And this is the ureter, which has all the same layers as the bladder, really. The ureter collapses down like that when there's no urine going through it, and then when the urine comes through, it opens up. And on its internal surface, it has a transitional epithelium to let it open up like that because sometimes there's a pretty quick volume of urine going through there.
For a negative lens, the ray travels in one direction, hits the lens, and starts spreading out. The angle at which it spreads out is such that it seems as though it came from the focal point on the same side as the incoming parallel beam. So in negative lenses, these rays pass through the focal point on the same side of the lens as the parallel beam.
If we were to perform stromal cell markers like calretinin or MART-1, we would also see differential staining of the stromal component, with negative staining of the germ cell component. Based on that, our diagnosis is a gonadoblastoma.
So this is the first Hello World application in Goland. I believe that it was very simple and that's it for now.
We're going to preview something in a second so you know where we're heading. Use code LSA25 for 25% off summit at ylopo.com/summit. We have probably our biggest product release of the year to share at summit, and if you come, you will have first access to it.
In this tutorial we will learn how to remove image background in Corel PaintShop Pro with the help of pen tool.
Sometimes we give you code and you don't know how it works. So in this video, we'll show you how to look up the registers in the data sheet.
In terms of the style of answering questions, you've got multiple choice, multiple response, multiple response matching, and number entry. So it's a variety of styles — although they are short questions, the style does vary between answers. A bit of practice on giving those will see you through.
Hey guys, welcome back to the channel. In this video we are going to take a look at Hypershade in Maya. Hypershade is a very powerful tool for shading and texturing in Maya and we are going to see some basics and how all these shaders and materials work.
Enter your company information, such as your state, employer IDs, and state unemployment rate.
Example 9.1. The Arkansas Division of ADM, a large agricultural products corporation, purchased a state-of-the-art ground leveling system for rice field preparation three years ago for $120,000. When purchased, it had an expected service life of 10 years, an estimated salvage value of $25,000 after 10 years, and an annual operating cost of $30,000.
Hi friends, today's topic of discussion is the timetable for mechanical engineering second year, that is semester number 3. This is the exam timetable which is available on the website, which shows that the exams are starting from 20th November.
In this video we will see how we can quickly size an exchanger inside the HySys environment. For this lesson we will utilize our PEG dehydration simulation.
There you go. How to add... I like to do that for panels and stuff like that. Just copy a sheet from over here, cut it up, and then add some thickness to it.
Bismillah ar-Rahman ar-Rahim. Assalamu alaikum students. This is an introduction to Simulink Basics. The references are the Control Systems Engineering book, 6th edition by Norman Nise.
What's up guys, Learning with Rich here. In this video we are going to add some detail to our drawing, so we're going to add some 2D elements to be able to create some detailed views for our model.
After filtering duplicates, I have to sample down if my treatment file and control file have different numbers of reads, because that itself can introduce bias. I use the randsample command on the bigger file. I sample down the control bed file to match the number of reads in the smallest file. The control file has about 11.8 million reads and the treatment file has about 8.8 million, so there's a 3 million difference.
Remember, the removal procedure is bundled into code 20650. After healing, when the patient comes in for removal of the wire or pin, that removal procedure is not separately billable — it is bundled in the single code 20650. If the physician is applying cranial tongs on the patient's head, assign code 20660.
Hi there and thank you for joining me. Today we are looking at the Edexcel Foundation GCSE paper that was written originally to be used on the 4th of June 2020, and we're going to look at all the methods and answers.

EXERCISE DESCRIPTION —
Transcribe the records in full, so that each line reads exactly as before.

ANSWER SECTION —
And this is the ureter, which has all the same layers as the bladder, really. The ureter collapses down like that when there's no urine going through it, and then when the urine comes through, it opens up. And on its internal surface, it has a transitional epithelium to let it open up like that because sometimes there's a pretty quick volume of urine going through there.
For a negative lens, the ray travels in one direction, hits the lens, and starts spreading out. The angle at which it spreads out is such that it seems as though it came from the focal point on the same side as the incoming parallel beam. So in negative lenses, these rays pass through the focal point on the same side of the lens as the parallel beam.
If we were to perform stromal cell markers like calretinin or MART-1, we would also see differential staining of the stromal component, with negative staining of the germ cell component. Based on that, our diagnosis is a gonadoblastoma.
So this is the first Hello World application in Goland. I believe that it was very simple and that's it for now.
We're going to preview something in a second so you know where we're heading. Use code LSA25 for 25% off summit at ylopo.com/summit. We have probably our biggest product release of the year to share at summit, and if you come, you will have first access to it.
In this tutorial we will learn how to remove image background in Corel PaintShop Pro with the help of pen tool.
Sometimes we give you code and you don't know how it works. So in this video, we'll show you how to look up the registers in the data sheet.
In terms of the style of answering questions, you've got multiple choice, multiple response, multiple response matching, and number entry. So it's a variety of styles — although they are short questions, the style does vary between answers. A bit of practice on giving those will see you through.
Hey guys, welcome back to the channel. In this video we are going to take a look at Hypershade in Maya. Hypershade is a very powerful tool for shading and texturing in Maya and we are going to see some basics and how all these shaders and materials work.
Enter your company information, such as your state, employer IDs, and state unemployment rate.
Example 9.1. The Arkansas Division of ADM, a large agricultural products corporation, purchased a state-of-the-art ground leveling system for rice field preparation three years ago for $120,000. When purchased, it had an expected service life of 10 years, an estimated salvage value of $25,000 after 10 years, and an annual operating cost of $30,000.
Hi friends, today's topic of discussion is the timetable for mechanical engineering second year, that is semester number 3. This is the exam timetable which is available on the website, which shows that the exams are starting from 20th November.
In this video we will see how we can quickly size an exchanger inside the HySys environment. For this lesson we will utilize our PEG dehydration simulation.
There you go. How to add... I like to do that for panels and stuff like that. Just copy a sheet from over here, cut it up, and then add some thickness to it.
Bismillah ar-Rahman ar-Rahim. Assalamu alaikum students. This is an introduction to Simulink Basics. The references are the Control Systems Engineering book, 6th edition by Norman Nise.
What's up guys, Learning with Rich here. In this video we are going to add some detail to our drawing, so we're going to add some 2D elements to be able to create some detailed views for our model.
After filtering duplicates, I have to sample down if my treatment file and control file have different numbers of reads, because that itself can introduce bias. I use the randsample command on the bigger file. I sample down the control bed file to match the number of reads in the smallest file. The control file has about 11.8 million reads and the treatment file has about 8.8 million, so there's a 3 million difference.
Remember, the removal procedure is bundled into code 20650. After healing, when the patient comes in for removal of the wire or pin, that removal procedure is not separately billable — it is bundled in the single code 20650. If the physician is applying cranial tongs on the patient's head, assign code 20660.
Hi there and thank you for joining me. Today we are looking at the Edexcel Foundation GCSE paper that was written originally to be used on the 4th of June 2020, and we're going to look at all the methods and answers.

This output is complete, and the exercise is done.